Loop 360 is a major transportation corridor for the capital area region, serving as a north/south route and functioning as a connector between US 183 and US 290/SH 71. The 14-mile corridor acts as a commuter route and a local thoroughfare for residents and businesses. Loop 360 also provides access for other citizens, including bicyclists, photographers, geologists, hikers, and visitors to Lake Austin. The purpose of the Loop 360 Program is to upgrade multiple intersections along the corridor. The program team will involve stakeholders throughout the community in selecting the best option for each intersection to improve safety and mobility along the Loop 360 corridor.
Increased traffic congestion along Loop 360 has resulted in a lack of mobility and increased safety concerns. Three sections of the corridor are listed on the state’s Most Congested Roadways list. Unless something is done, traffic conditions along Loop 360 will worsen as our population grows.
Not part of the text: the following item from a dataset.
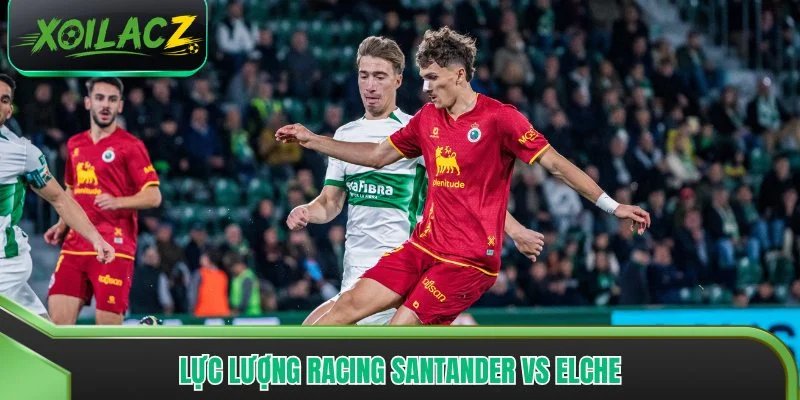 Đánh giá chung về lực lượng Racing Santander vs Elche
More than two million people live in the Austin area today, and that number is expected to double by 2040.
Ultimately, we hope that all residents, pedestrians, bicyclists, businesses, commuters and others who use and rely on Loop 360 will benefit. The program team works with stakeholders to identify solutions that optimize safety and mobility, while balancing local accessibility and corridor-wide mobility, bike/pedestrian/transit use, environmental impacts, and other important issues for all Loop 360 users. Specific benefits for each user group will depend on the solutions that are recommended for further development.
Yes. The projects will consider a wide range of transportation modes. The degree to which alternative modes are incorporated into proposed solutions will depend largely on the initial needs identified through stakeholder input and technical analysis. TxDOT is coordinating with representatives from the bicycling community, Capital Metro, and local neighborhoods to identify these needs and opportunities for alternative transportation improvements within the corridor.
The Loop 360 Program began in summer 2018 and is comprised of separate projects, each with their own timeline. Each project will include an environmental design and construction phase estimated to take seven to ten years to complete. View the typical project timeline.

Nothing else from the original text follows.